Problem statement = In your reply, write out each entry exactly as given.

Data for the task =
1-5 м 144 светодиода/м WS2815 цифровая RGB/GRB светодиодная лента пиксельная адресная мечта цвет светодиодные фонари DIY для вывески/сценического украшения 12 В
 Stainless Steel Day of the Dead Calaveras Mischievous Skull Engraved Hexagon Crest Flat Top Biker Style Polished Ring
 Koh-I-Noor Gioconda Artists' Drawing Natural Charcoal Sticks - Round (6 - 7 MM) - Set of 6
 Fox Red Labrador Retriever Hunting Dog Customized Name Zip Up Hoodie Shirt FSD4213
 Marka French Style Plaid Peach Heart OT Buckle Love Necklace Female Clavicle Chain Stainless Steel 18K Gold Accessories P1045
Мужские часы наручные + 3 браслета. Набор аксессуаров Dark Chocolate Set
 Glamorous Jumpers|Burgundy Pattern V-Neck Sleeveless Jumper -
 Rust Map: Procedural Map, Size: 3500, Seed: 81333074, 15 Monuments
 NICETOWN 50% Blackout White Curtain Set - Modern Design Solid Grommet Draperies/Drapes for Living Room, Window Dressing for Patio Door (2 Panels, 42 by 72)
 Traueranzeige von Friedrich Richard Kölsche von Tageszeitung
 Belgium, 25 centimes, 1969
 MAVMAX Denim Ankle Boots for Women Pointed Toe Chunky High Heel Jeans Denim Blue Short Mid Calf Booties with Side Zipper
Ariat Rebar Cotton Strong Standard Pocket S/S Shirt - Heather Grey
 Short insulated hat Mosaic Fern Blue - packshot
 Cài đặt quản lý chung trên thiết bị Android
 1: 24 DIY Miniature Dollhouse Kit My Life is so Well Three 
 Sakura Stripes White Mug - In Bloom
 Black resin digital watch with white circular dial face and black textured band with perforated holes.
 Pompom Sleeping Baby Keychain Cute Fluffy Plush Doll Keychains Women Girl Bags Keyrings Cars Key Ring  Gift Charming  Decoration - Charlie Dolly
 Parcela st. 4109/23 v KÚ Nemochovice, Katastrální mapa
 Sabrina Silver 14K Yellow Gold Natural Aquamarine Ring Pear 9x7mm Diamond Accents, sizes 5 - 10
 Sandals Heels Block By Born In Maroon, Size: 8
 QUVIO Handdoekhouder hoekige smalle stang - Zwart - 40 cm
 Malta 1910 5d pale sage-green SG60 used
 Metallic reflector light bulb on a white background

Output for this exercise =
1-5 м 144 светодиода/м WS2815 цифровая RGB/GRB светодиодная лента пиксельная адресная мечта цвет светодиодные фонари DIY для вывески/сценического украшения 12 В
 Stainless Steel Day of the Dead Calaveras Mischievous Skull Engraved Hexagon Crest Flat Top Biker Style Polished Ring
 Koh-I-Noor Gioconda Artists' Drawing Natural Charcoal Sticks - Round (6 - 7 MM) - Set of 6
 Fox Red Labrador Retriever Hunting Dog Customized Name Zip Up Hoodie Shirt FSD4213
 Marka French Style Plaid Peach Heart OT Buckle Love Necklace Female Clavicle Chain Stainless Steel 18K Gold Accessories P1045
Мужские часы наручные + 3 браслета. Набор аксессуаров Dark Chocolate Set
 Glamorous Jumpers|Burgundy Pattern V-Neck Sleeveless Jumper -
 Rust Map: Procedural Map, Size: 3500, Seed: 81333074, 15 Monuments
 NICETOWN 50% Blackout White Curtain Set - Modern Design Solid Grommet Draperies/Drapes for Living Room, Window Dressing for Patio Door (2 Panels, 42 by 72)
 Traueranzeige von Friedrich Richard Kölsche von Tageszeitung
 Belgium, 25 centimes, 1969
 MAVMAX Denim Ankle Boots for Women Pointed Toe Chunky High Heel Jeans Denim Blue Short Mid Calf Booties with Side Zipper
Ariat Rebar Cotton Strong Standard Pocket S/S Shirt - Heather Grey
 Short insulated hat Mosaic Fern Blue - packshot
 Cài đặt quản lý chung trên thiết bị Android
 1: 24 DIY Miniature Dollhouse Kit My Life is so Well Three 
 Sakura Stripes White Mug - In Bloom
 Black resin digital watch with white circular dial face and black textured band with perforated holes.
 Pompom Sleeping Baby Keychain Cute Fluffy Plush Doll Keychains Women Girl Bags Keyrings Cars Key Ring  Gift Charming  Decoration - Charlie Dolly
 Parcela st. 4109/23 v KÚ Nemochovice, Katastrální mapa
 Sabrina Silver 14K Yellow Gold Natural Aquamarine Ring Pear 9x7mm Diamond Accents, sizes 5 - 10
 Sandals Heels Block By Born In Maroon, Size: 8
 QUVIO Handdoekhouder hoekige smalle stang - Zwart - 40 cm
 Malta 1910 5d pale sage-green SG60 used
 Metallic reflector light bulb on a white background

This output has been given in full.